Barbara - Thank you Barbara for being a fabulous day crew captain!  You were an excellent communications coordinator!  It was great being able to text you as to what I wanted and knowing you'd make sure it'd get taken care of.  As I went through each of the aid stations during the day, I was able to move very efficiently.  You sent me great encouraging messages throughout the day.  I thank you for updating my status for the rest of my friends and for reading to me the messages from my other friends.  Those messages really help me.  Thank you for all that you did and thank you for taking all the photographs so I have them to remember my experience.  Thanks for everything!


Theresa - You really made the day crew awesome!  You took my jackets, lights, gloves, etc... when I needed to unload them.  You very efficiently replaced my electrolyte bottle each time I came into the aid station.  You made me the hummus and tortillas I specially requested, which really helped a lot in the race.  Anything I asked for, you were on top of getting it for me.  Thank you for all that you did.  You helped immensely!    
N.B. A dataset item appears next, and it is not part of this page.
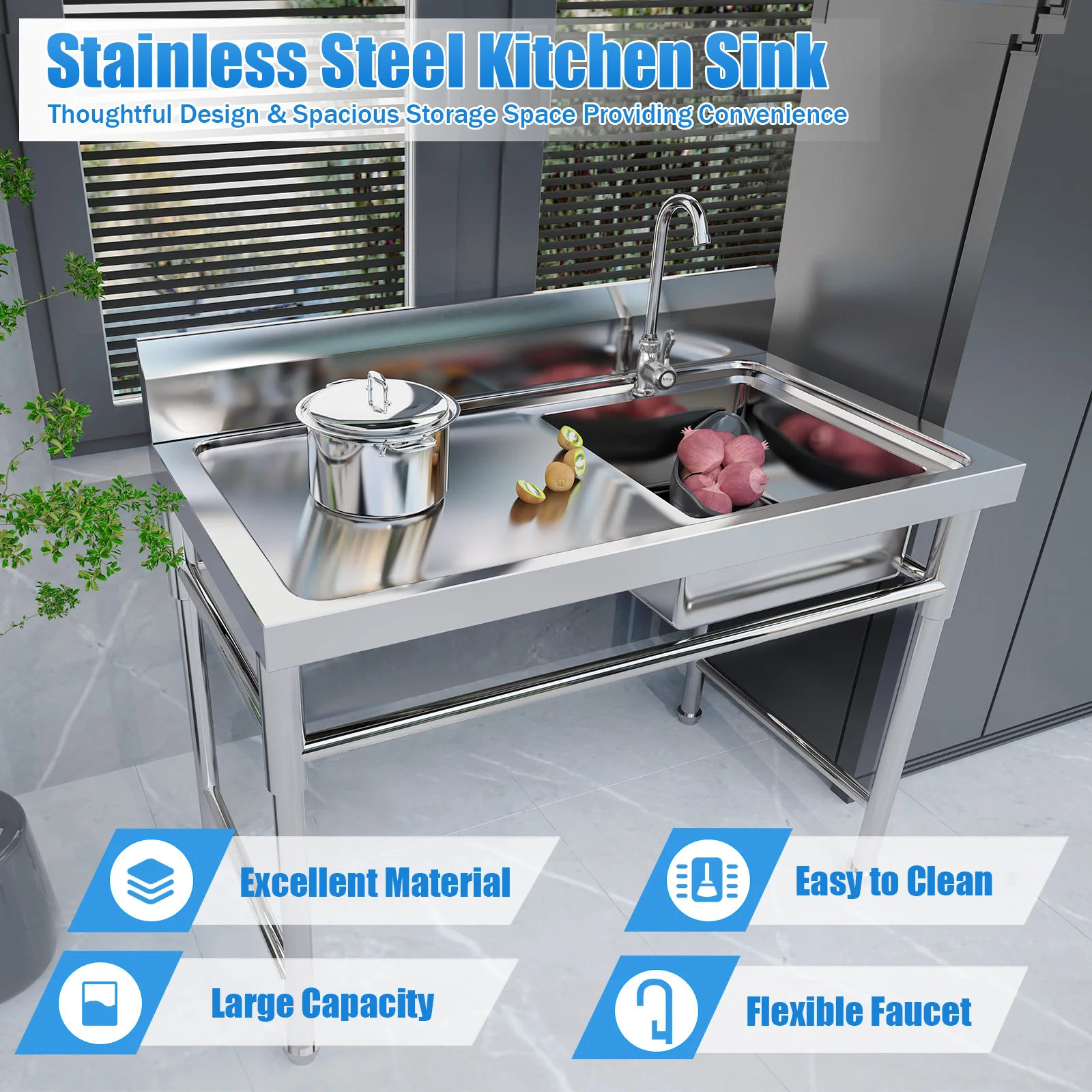 

Commercial Kitchen Sink Stainless Steel 120*60*80cm Adjustable Feet Large Drain with Faucet Filter for Restaurant Bar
Janelle - At 8 months pregnant, you still came out to help me throughout the day.  That alone makes you so awesome!  But, you also made wonderful signs for me.  You remembered to spray me down with sunscreen (which I have often forget to do).  And even though you were part of the day crew, I remember seeing you help out at one aid station at night.  Thank you for everything!     





Misha - Thank you for helping change my socks and shoes at Cool, for helping me get my toothbrush and water to brush my teeth, for helping wipe me down with baby wipes, for getting whatever random food requests I had, etc. . . . It was really nice seeing you out there and thank you for everything you did to help take care of me!     



Dani - Thank you for making me laugh.  For really emphasizing to me that it was okay to poop.  But, also thanks for not just helping me change my socks and shoes but also to help clean my feet as well.  Thank you for giving me a baby wipe down when requested and tending to whatever I needed.  Thank you for everything!  







The Night Crew

The night was long and hard but I had the absolute best night crew ever!  


Nicole - Thank you for being a great night crew captain!  You were great in helping me change, wiping me down and cleaning me off, in giving me advil when needed, in making sure I ate and stayed warm, etc. . . When I started slipping into a bad place, I got irritated with you fussing so much over me but you put up with me snapping at you and kept doing what needed to be done.  I was in a very bad place for a bit and it built up to me breaking down crying.  I remember your soothing voice telling me I was doing great and it was going to be okay.  I remember you wiping the sweat and tears off my face.  You gave me such motherly love at a time I really needed it.  And while I thank you for everything that you did for me throughout the night and morning, I really thank you most for the comfort you gave me when I was at my lowest low.  


Kelly - Thank you for taking care of me through a rough night!  You said you would not go anywhere near feet but I remember you helping with the taping and changing of socks and shoes.  You did whatever was needed even going to outside your comfort zone.  You made sure I got my miso soup and my noodles.  You helped me change and probably saw more of me than desired.  You gave me pep talks including telling me my feet are going to hurt no matter what and that I needed to get moving.  Thank you for everything!  


Susan - Thank you for dealing with my feet through the night.  I know it was not an easy task.  My feet gave me the most pain and problems throughout the night and you were great in trying to do what you could to help alleviate my pain.  Your advice about using paper tape was good advice and I only wish I had used more of it on the rest of my feet earlier on.  But, you live and you learn.  I do thank you for the advice about the paper tape.  And, I thank you for taping up all my blisters, changing my socks and shoes and doing all that you could for me.  Also, thank you for putting up with a very aggravated me throughout the night.  I know I was not easy but I thank you for all that you did and for being there!     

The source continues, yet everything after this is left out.